Segment Start: Provided material

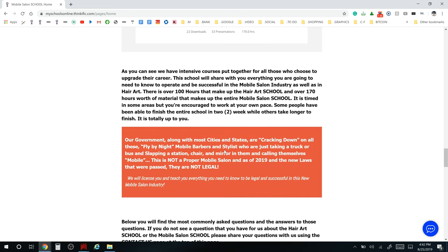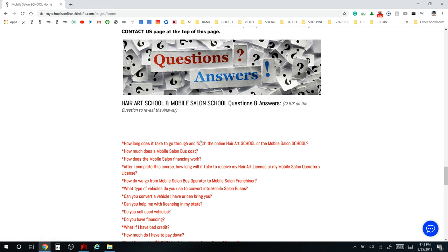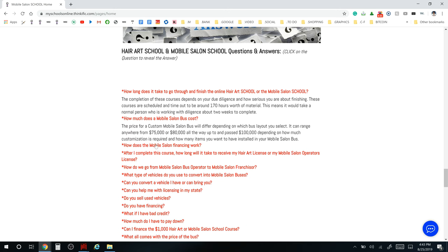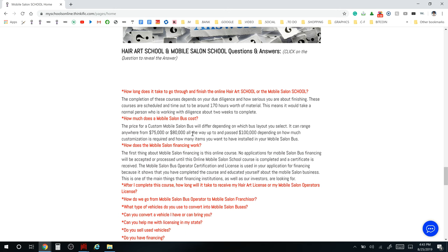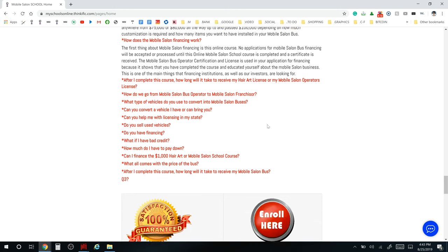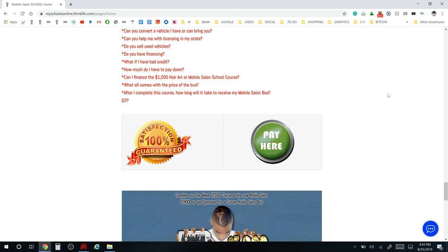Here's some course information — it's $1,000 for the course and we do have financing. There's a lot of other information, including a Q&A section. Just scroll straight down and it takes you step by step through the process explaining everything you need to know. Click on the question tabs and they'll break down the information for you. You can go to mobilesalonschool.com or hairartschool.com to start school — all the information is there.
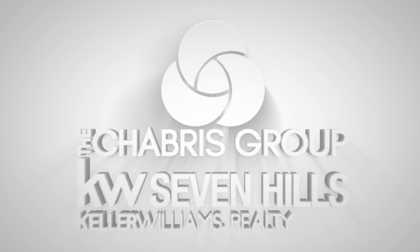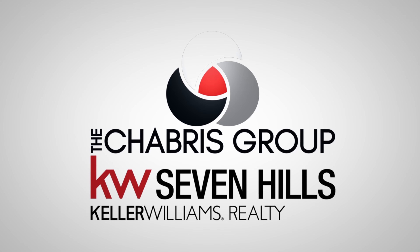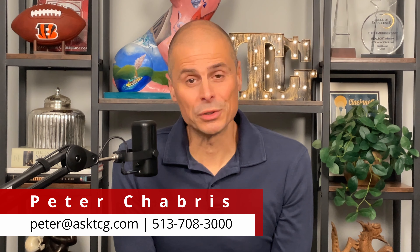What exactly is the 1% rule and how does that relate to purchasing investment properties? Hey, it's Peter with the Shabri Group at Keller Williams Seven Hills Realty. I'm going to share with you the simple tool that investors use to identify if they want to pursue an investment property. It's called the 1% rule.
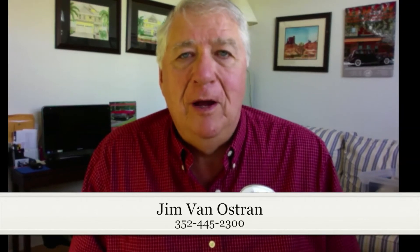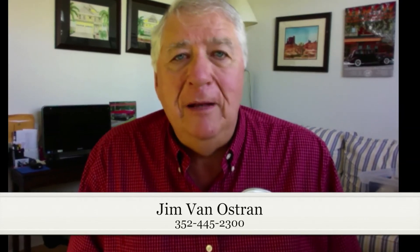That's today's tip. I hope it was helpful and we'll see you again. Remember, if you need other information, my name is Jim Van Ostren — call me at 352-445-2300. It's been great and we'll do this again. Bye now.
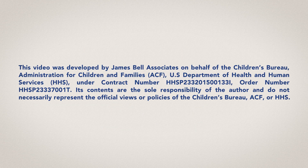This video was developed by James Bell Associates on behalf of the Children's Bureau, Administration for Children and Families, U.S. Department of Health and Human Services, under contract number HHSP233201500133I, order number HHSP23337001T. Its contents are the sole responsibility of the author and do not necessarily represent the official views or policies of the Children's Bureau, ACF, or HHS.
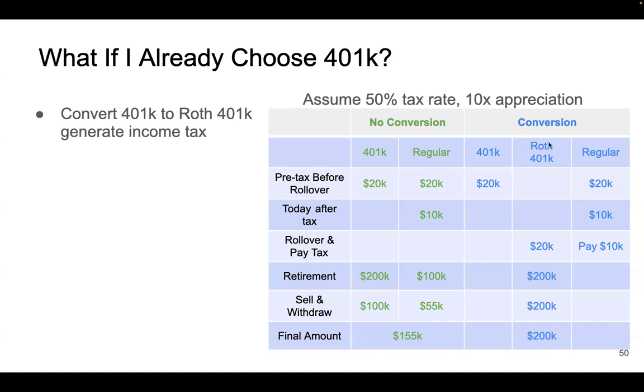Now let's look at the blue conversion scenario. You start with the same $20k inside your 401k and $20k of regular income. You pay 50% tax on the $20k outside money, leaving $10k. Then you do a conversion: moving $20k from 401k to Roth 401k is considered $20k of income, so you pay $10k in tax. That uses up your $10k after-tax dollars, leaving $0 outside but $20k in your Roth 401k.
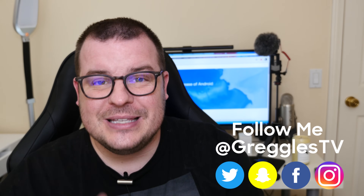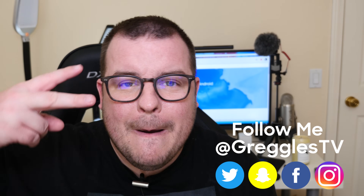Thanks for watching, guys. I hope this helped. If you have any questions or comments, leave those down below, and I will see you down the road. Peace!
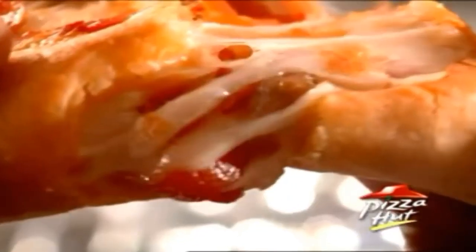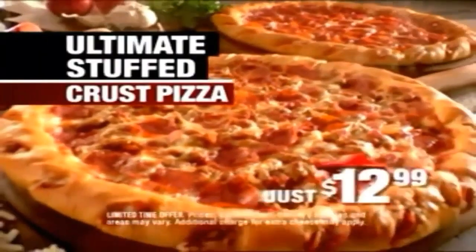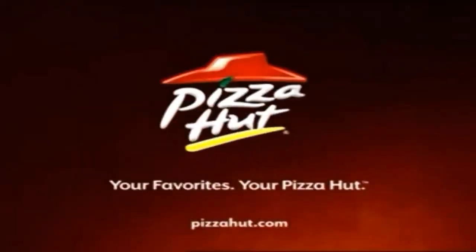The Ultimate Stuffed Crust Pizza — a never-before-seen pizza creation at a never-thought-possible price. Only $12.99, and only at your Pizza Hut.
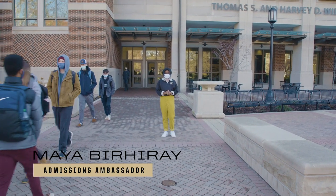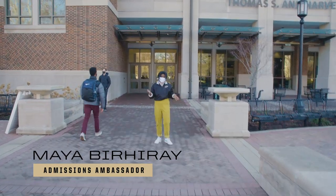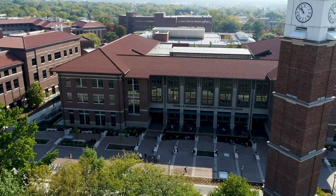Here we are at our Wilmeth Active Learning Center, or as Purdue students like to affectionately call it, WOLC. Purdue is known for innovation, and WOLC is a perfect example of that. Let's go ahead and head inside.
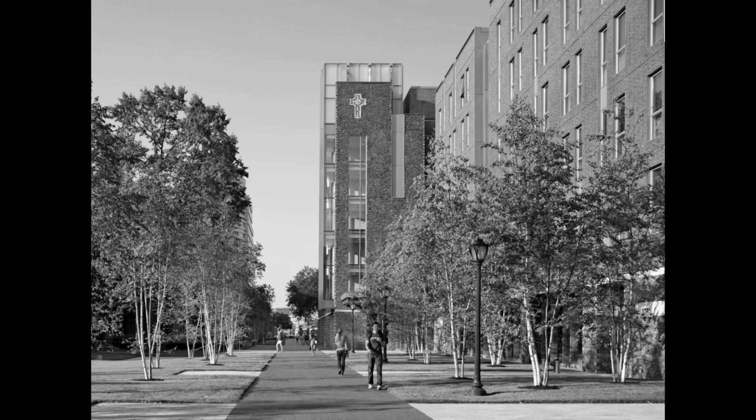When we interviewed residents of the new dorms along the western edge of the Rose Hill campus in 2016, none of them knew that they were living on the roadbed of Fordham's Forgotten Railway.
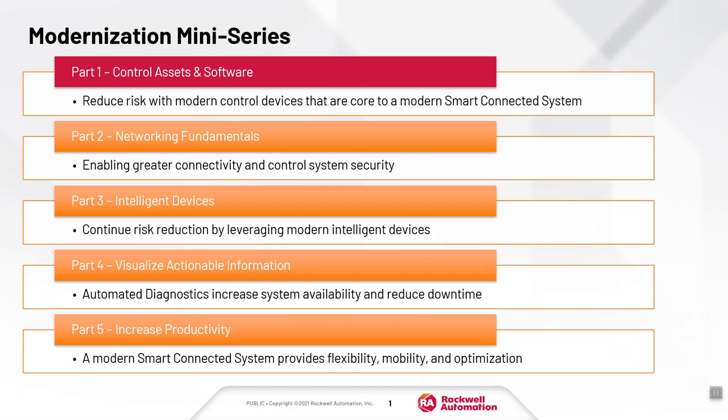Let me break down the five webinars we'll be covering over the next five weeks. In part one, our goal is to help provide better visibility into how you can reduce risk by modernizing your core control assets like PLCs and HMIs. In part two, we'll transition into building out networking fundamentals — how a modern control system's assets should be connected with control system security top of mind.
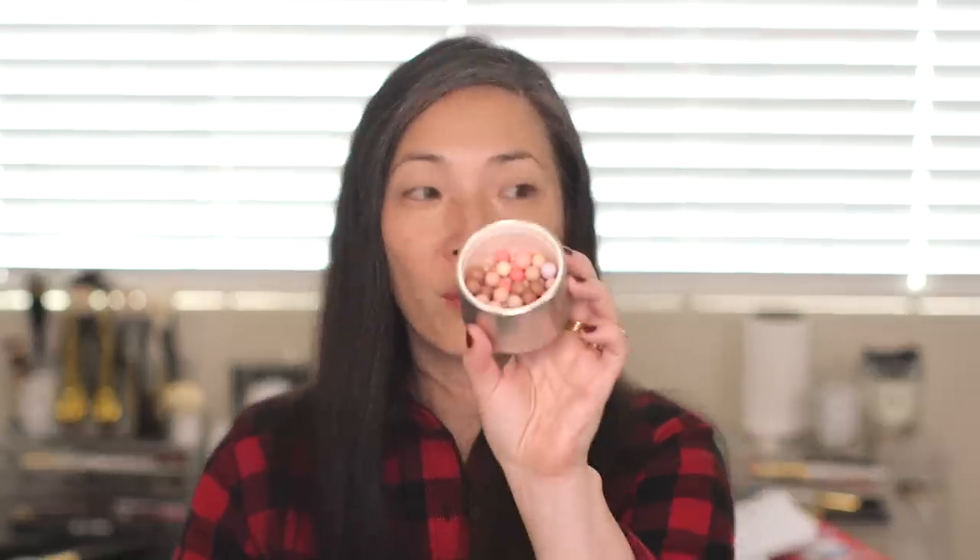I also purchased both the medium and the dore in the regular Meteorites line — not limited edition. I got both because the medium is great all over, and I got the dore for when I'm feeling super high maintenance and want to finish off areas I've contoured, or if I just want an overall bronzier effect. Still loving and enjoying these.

Segment End: Provided material
Segment Start: Provided material

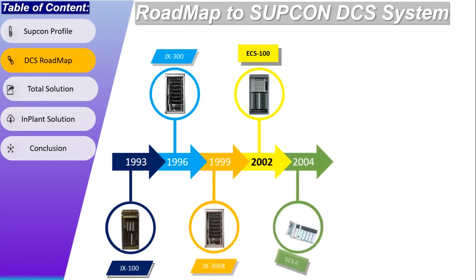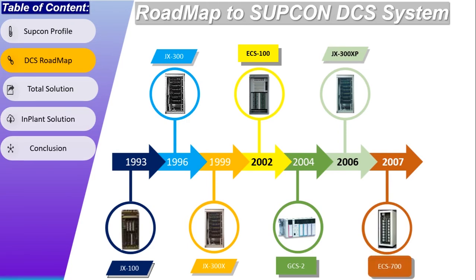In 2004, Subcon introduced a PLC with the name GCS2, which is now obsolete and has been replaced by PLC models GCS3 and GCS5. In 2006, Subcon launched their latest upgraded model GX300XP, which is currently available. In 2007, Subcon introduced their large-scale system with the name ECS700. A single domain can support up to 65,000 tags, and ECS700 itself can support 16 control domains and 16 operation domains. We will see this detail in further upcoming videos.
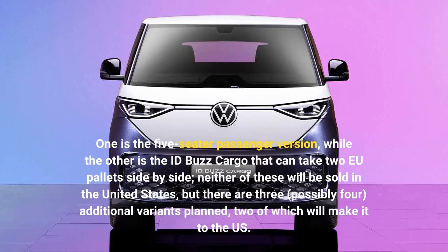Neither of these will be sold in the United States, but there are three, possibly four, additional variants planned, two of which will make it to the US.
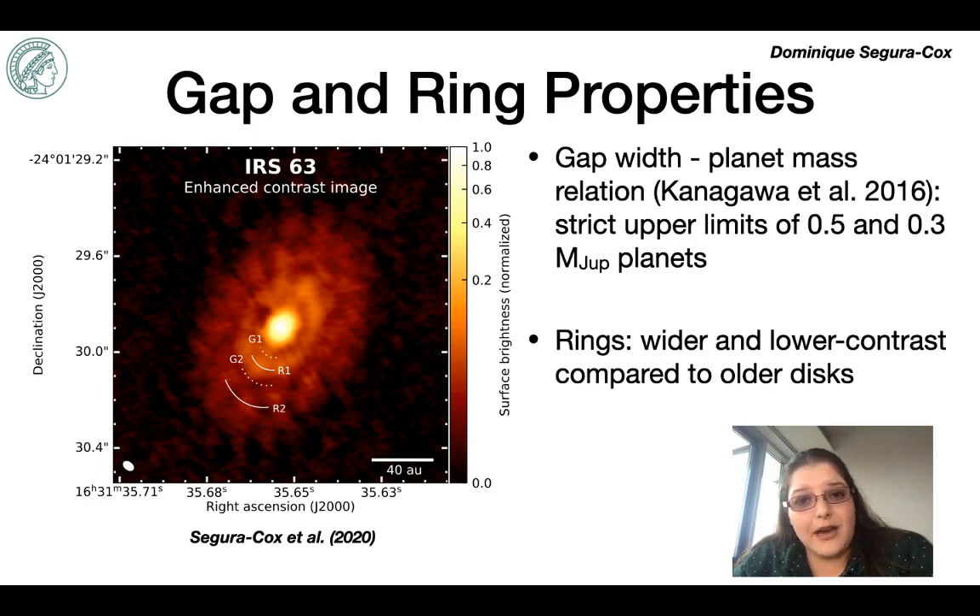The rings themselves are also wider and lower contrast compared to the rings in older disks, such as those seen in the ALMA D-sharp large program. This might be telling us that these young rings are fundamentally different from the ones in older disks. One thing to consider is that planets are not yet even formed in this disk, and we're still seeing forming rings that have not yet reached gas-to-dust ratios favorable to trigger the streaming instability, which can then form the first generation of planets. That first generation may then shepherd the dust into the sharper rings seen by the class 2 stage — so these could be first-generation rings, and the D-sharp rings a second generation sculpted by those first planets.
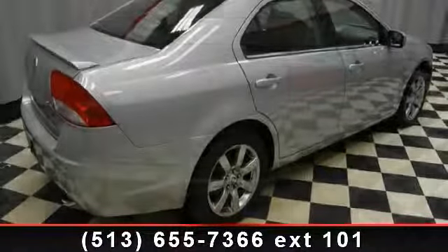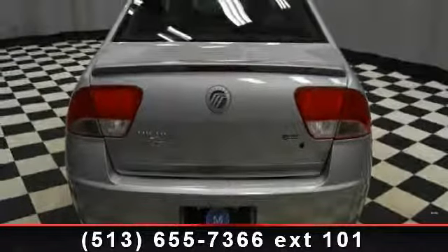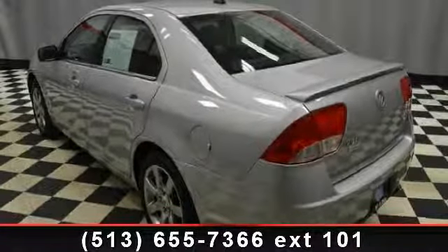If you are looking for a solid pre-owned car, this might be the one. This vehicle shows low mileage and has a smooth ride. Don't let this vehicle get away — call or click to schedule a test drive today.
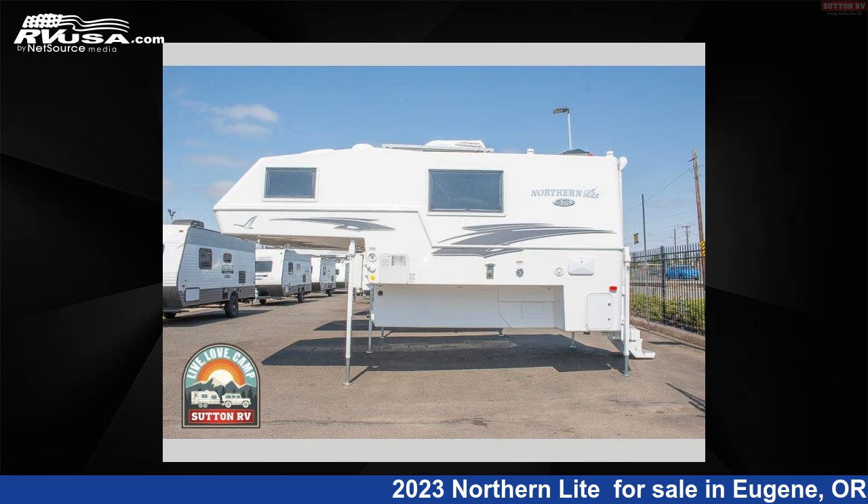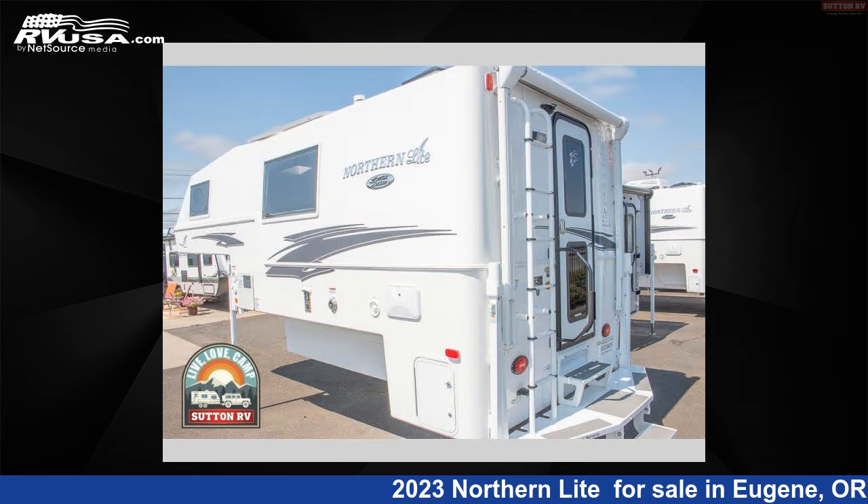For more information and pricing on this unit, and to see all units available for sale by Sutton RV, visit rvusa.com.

Segment End: Provided material

All pictures are to be skipped. Output, word for word, the lines in the data above starting at the line containing "The Ultimate Stuffed" and ending at the line containing "I also purchased".

Exercise response ->
The Ultimate Stuffed Crust Pizza — a never-before-seen pizza creation at a never-thought-possible price. Only $12.99, and only at your Pizza Hut.
Here we are at our Wilmeth Active Learning Center, or as Purdue students like to affectionately call it, WOLC. Purdue is known for innovation, and WOLC is a perfect example of that. Let's go ahead and head inside.
When we interviewed residents of the new dorms along the western edge of the Rose Hill campus in 2016, none of them knew that they were living on the roadbed of Fordham's Forgotten Railway.
Let me break down the five webinars we'll be covering over the next five weeks. In part one, our goal is to help provide better visibility into how you can reduce risk by modernizing your core control assets like PLCs and HMIs. In part two, we'll transition into building out networking fundamentals — how a modern control system's assets should be connected with control system security top of mind.
I also purchased both the medium and the dore in the regular Meteorites line — not limited edition. I got both because the medium is great all over, and I got the dore for when I'm feeling super high maintenance and want to finish off areas I've contoured, or if I just want an overall bronzier effect. Still loving and enjoying these.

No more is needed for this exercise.